Eurex will reduce the minimum price change for Euro-Bobl futures and options on Euro-Bobl futures as of June 8, reducing the costs incurred by market participants in hedging or rolling over positions by approximately 50 per cent.

Halving the tick size for Euro-Schatz futures three years ago resulted in an improvement to the market structure and has led to rising volumes. The two-year Euro-Schatz future is accepted as the benchmark in its maturity segment, and the most actively traded short-term bond futures contract worldwide.

With the introduction of half-tick pricing, the tick size for Euro-Bobl futures and options on Euro-Bobl futures will be reduced from 0.01 to 0.005 per cent, and the tick value from EUR10 to EUR5.

The change in tick size will take place on June 7, after close of trading at 10 pm CET. All unexecuted Euro-Bobl futures orders in the Eurex system will be deleted that evening, and will have to be re-entered if required on the morning of June 8.

The narrower bid/ask spread resulting from the reduced tick size holds advantages for both traders and institutional clients when establishing or hedging positions, since the bid/offer spread is the largest component of implied transaction costs. Reducing the tick size will halve the implied transaction costs incurred in a rollover trade.

At the same time, hedgers will be able to cover their risk exposure more efficiently. For example, when trading 1,000 Euro-Bobl futures, implied transaction costs amount to 0.53 basis points, of which 0.46bp is attributable to the bid/offer spread and 0.07bp to adverse price movements, reflecting market depth. Assuming unchanged liquidity, halving the bid/offer spread will reduce trading costs by 0.23bp for a nominal amount of EUR100m.

Eurex significantly enhanced the attractiveness and liquidity of Euro-Schatz futures by halving the tick size three years ago. Today Euro-Schatz futures are the second most actively traded interest-rate derivative product at Eurex, behind only Euro-Bund futures.

Of Eurex’s full derivatives product range, Euro-Schatz futures rank fourth, after Euro-Bund futures and Dow Jones Euro Stoxx 50 index options and futures. Eurex traded 58 million Euro-Schatz futures contracts in the first four months of 2007, an increase of 31 percent over the same period of 2004. The daily average volume currently stands at 700,000 contracts.

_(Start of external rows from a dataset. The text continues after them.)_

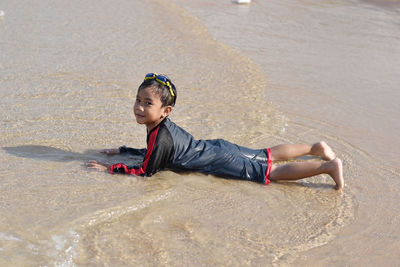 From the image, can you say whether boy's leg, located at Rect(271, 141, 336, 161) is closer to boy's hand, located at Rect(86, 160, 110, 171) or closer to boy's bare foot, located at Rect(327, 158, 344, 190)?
boy's bare foot, located at Rect(327, 158, 344, 190)

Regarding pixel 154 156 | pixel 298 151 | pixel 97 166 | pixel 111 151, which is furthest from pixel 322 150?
pixel 97 166

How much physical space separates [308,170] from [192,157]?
0.88 m

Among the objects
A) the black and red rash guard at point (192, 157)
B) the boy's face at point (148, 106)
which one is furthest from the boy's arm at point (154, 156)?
the boy's face at point (148, 106)

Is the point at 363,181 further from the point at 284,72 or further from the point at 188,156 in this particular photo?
the point at 284,72

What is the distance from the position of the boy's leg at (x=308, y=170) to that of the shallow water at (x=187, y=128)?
0.09m

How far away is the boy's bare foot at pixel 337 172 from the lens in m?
3.76

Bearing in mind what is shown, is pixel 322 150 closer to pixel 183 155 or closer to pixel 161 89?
pixel 183 155

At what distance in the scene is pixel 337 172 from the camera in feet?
12.4

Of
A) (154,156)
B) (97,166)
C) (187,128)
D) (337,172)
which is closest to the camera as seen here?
(154,156)

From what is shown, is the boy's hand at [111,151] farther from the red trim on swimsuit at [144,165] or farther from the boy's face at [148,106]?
the boy's face at [148,106]

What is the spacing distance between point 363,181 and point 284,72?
2969 millimetres

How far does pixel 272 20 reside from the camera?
32.4ft

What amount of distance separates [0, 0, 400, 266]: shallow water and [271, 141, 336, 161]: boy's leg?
0.25m

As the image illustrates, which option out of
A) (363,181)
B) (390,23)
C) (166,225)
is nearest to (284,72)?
(363,181) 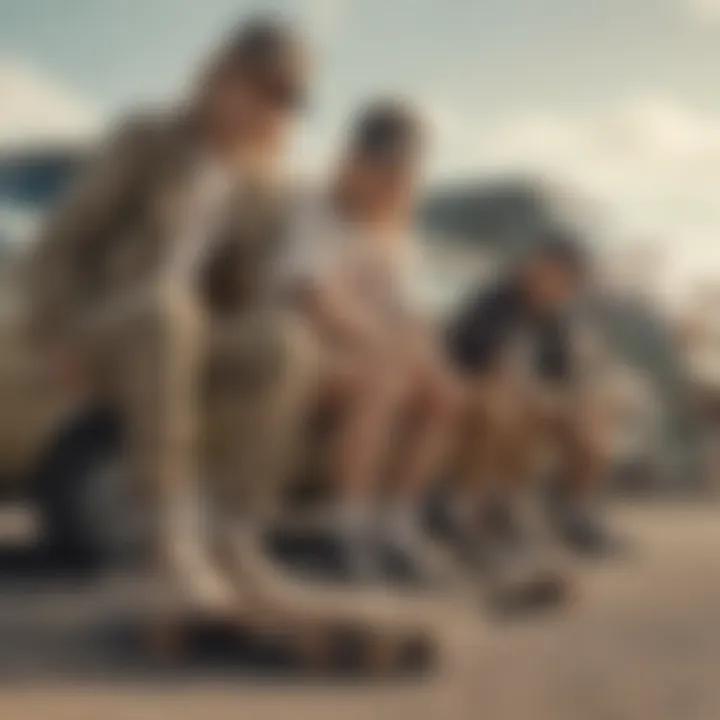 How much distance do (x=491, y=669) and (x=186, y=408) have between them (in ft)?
1.09

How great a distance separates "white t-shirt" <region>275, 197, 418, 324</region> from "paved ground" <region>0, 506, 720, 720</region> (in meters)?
0.28

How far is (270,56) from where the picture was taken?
1183 mm

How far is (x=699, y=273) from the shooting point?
1.26 m

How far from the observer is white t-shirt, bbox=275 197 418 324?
1.17 m

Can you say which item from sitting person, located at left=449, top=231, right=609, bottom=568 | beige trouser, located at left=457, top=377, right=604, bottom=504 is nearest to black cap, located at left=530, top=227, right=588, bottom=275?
sitting person, located at left=449, top=231, right=609, bottom=568

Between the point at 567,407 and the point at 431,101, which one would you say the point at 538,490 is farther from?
the point at 431,101

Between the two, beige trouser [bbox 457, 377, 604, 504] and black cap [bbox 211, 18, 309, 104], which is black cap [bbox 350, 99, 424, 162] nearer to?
black cap [bbox 211, 18, 309, 104]

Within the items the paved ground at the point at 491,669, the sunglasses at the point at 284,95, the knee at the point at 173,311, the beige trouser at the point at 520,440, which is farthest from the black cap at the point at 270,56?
the paved ground at the point at 491,669

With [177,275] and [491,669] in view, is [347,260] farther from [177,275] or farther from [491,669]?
[491,669]

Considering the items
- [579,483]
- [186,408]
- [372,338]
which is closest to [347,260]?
[372,338]

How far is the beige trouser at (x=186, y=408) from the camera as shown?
1.13m

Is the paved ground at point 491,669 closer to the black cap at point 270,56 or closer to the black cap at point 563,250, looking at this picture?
the black cap at point 563,250

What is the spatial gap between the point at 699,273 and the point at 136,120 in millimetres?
522

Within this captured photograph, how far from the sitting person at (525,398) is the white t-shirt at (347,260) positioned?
6 centimetres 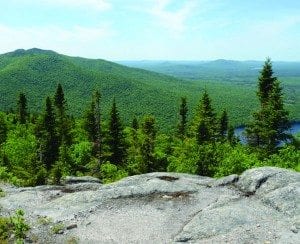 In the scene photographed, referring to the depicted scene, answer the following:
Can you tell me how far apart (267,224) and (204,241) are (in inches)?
138

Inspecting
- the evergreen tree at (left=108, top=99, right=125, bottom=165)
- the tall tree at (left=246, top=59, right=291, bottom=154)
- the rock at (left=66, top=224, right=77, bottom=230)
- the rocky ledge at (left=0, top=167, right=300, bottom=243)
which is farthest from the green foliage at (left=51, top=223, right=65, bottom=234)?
the evergreen tree at (left=108, top=99, right=125, bottom=165)

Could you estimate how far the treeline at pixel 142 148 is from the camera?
41.9 metres

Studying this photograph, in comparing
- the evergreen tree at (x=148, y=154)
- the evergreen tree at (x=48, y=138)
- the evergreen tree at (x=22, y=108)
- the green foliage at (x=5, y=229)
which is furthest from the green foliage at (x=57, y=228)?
the evergreen tree at (x=22, y=108)

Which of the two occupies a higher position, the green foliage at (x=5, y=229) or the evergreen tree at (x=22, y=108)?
the green foliage at (x=5, y=229)

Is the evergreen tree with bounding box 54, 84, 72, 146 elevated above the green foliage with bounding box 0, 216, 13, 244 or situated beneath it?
situated beneath

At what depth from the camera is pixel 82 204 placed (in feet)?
79.8

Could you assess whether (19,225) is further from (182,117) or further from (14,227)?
(182,117)

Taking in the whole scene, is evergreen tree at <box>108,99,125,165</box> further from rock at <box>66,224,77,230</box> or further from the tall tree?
rock at <box>66,224,77,230</box>

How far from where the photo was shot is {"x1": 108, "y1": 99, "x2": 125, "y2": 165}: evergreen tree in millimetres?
63750

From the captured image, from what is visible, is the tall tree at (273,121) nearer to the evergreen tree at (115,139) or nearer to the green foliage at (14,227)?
the evergreen tree at (115,139)

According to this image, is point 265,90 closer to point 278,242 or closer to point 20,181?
point 20,181

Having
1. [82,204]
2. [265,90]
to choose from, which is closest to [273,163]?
[265,90]

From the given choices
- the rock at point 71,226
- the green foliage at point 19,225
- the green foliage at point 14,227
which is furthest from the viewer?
the rock at point 71,226

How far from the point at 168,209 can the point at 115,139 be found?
134 ft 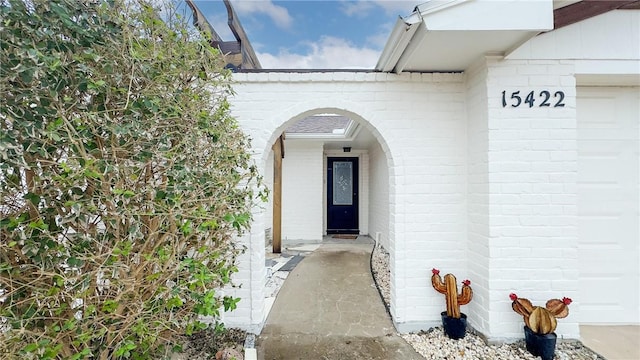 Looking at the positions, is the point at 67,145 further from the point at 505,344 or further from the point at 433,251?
the point at 505,344

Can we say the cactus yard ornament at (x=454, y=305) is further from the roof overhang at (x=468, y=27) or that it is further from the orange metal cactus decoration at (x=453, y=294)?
the roof overhang at (x=468, y=27)

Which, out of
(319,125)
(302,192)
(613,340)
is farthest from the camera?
(319,125)

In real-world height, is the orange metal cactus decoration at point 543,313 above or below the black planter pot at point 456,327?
above

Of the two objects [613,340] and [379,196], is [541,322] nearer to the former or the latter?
[613,340]

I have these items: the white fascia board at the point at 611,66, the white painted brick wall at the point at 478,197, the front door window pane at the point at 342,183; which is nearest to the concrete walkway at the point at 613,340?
the white painted brick wall at the point at 478,197

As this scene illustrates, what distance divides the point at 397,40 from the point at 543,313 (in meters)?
3.19

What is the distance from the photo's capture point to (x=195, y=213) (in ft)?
6.78

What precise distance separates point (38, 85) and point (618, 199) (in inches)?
225

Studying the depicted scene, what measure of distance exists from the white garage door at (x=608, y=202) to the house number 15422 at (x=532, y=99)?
2.17ft

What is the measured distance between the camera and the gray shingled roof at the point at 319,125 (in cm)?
824

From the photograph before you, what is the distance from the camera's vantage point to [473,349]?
3002mm

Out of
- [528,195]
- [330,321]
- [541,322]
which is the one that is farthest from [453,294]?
[330,321]

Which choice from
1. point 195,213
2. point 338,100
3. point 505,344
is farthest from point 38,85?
point 505,344

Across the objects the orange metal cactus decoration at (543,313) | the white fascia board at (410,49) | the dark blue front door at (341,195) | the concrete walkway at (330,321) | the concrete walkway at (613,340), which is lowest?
the concrete walkway at (330,321) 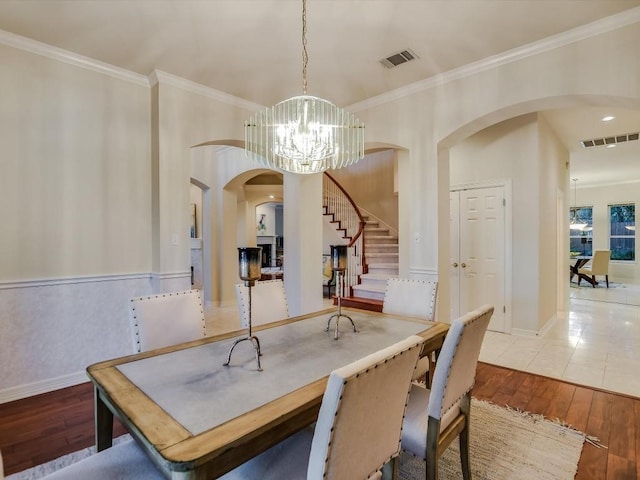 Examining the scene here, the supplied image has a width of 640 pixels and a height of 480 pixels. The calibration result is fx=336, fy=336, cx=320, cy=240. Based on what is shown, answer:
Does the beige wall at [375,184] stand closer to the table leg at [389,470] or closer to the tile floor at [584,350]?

Meanwhile, Eurex has reversed its previous decision to reduce the tick size for calendar spreads for Euro-Bund and Euro-Bobl futures with effect from May 21 after numerous exchange participants voiced concerns regarding the handling of synthetic orders for the execution of trades at reduced tick sizes in the individual order books. However, synthetic orders at reduced tick sizes are inevitable where spread and single-leg orders with different tick sizes are integrated in a single order book.